Daniel Snyder is pushing his luck.

The NFL went easy on the owner of the Washington Commanders in July, and the league has gone to great lengths to keep any evidence regarding years of workplace misconduct within his football operation hidden. The scheme was working.

Then, after someone leaked a handful of emails sent by Jon Gruden to former Commanders executive Bruce Allen, cries for transparency sparked a Congressional investigation. Which prompted a former team employee who hadn’t cooperated with the NFL’s investigation to tell her story to Congress last week. Which has triggered a new investigation of Snyder. And which has caused the NFL to accuse Snyder’s team of impeding the Congressional probe.

Via the Washington Post, the NFL has sent a letter to the committee conducting the investigation accusing the team of keeping documents from being produced. The situation traces to a third-party vendor who has custody of the documents generated by attorney Beth Wilkinson’s 10-month investigation.

“That vendor refused to provide the NFL or even [the law firm of] Wilkinson Stekloff with access to the documents unless the team consented because of its concern that it could be sued by the team or its owner,” the league’s attorneys wrote in a letter obtained by the Post. “The NFL promptly directed the team to provide its consent to the vendor, but the team repeatedly has refused to do so.”

Read that last sentence again. The NFL has issued a directive to the Washington Commanders. And the Washington Commanders have refused to comply with it. Repeatedly.

According to the letter from the league, the Commanders have “insisted that [they] will only authorize the vendor to release those documents to the team, so that the team’s counsel can review the documents for privilege first . . . before deciding unilaterally which documents it will provide to the NFL for production to the Committee.” The league told the committee that this approaches “unacceptable” because it “it would prevent the NFL from ensuring that it can produce all responsive, non-privileged documents to the committee and would delay our production decisions.”

This entire problem traces to the fact that Wilkinson was hired not to investigate the situation with the goal of making any findings publicly known but with the express objective of helping the team (and later the league) limit liability to current or former employees. The legal privileges that are preventing the production of documents flow directly from the wagon-circling nature of Wilkinson’s investigation.

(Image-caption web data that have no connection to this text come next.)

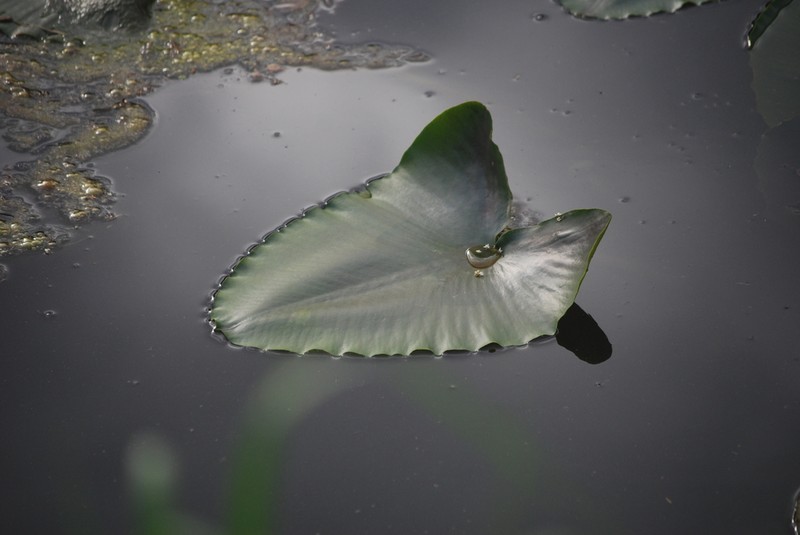 Nuphar polysepala photo 3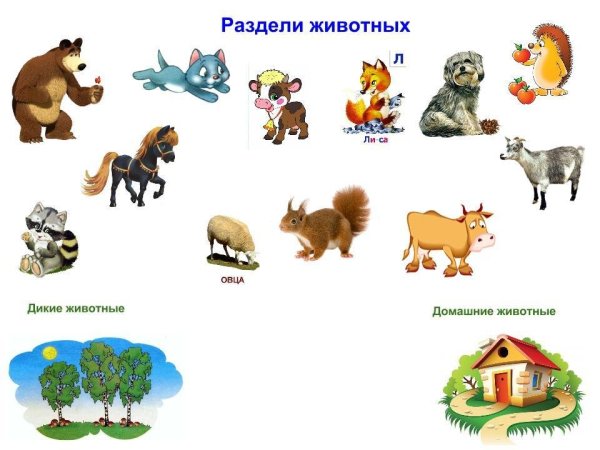Дикие и домашние животные задания для дошкольников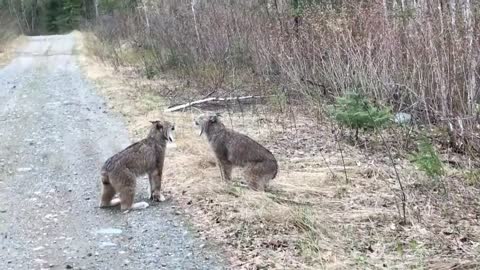 Two Lynx in Ontario Have Intense Conversation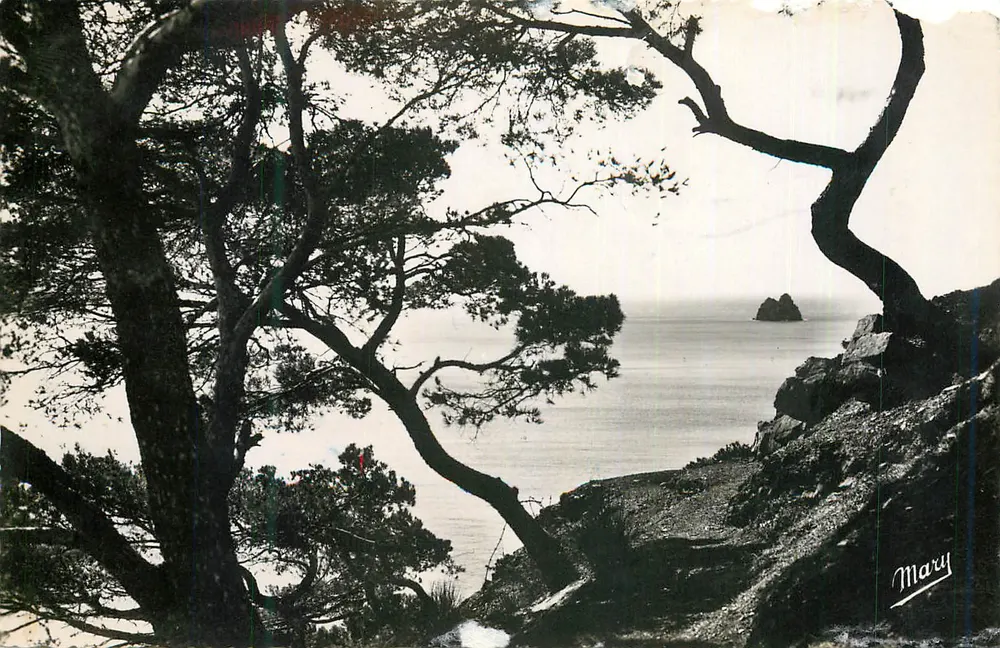 Ansicht der See durch Kiefern — Mary - Vorderseite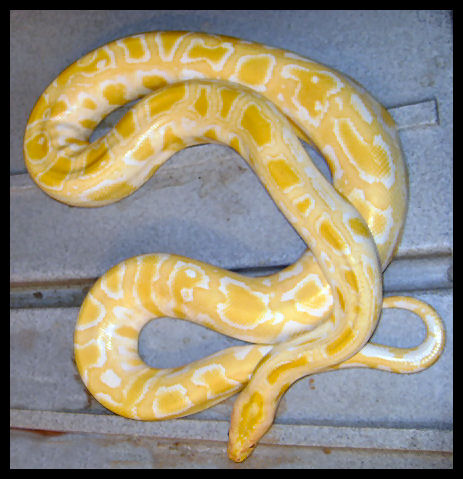 Snakes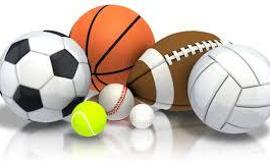 Which sport do you like the most?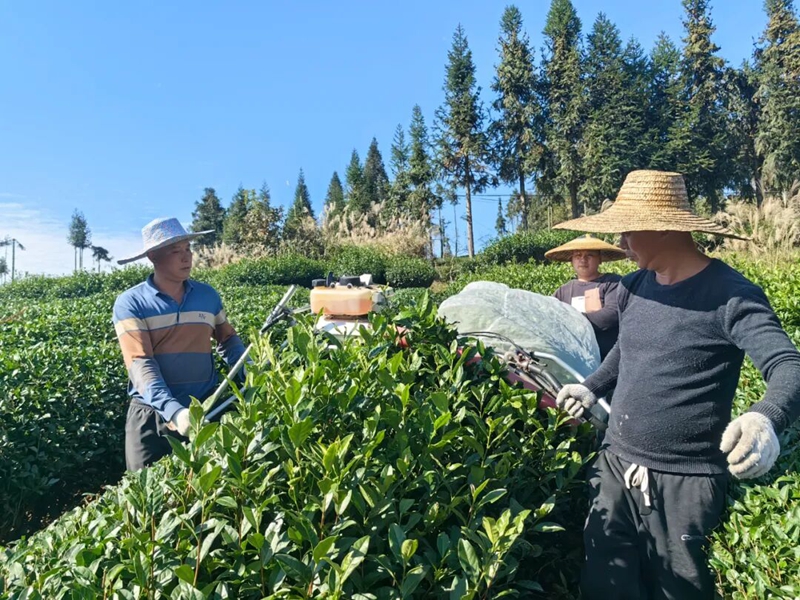 江口怒溪以“一片叶子”书写乡村振兴新样本。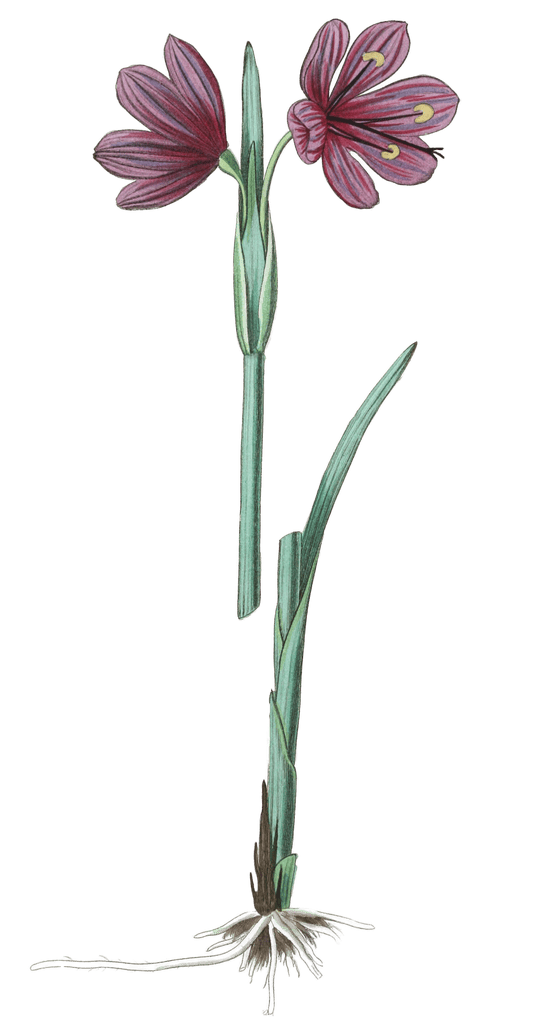 Long Flowered Sisyrinchium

Now, the privileges become part of the shell game aimed at continuing to hide information from Congress and, in turn, from the public. The problem for the team is that the NFL no longer wants to play games, and that the NFL is willing to accuse the team of playing games.

At some point, Snyder needs to worry less about Congress and more about the league. At some point, the desire to help Snyder (which frankly comes from a desire by other owners to avoid landing in a similar jackpot) will be outweighed by the desire to be done with him. The way things are going, it seems like it’s just a matter of time before the league tells him to get lost.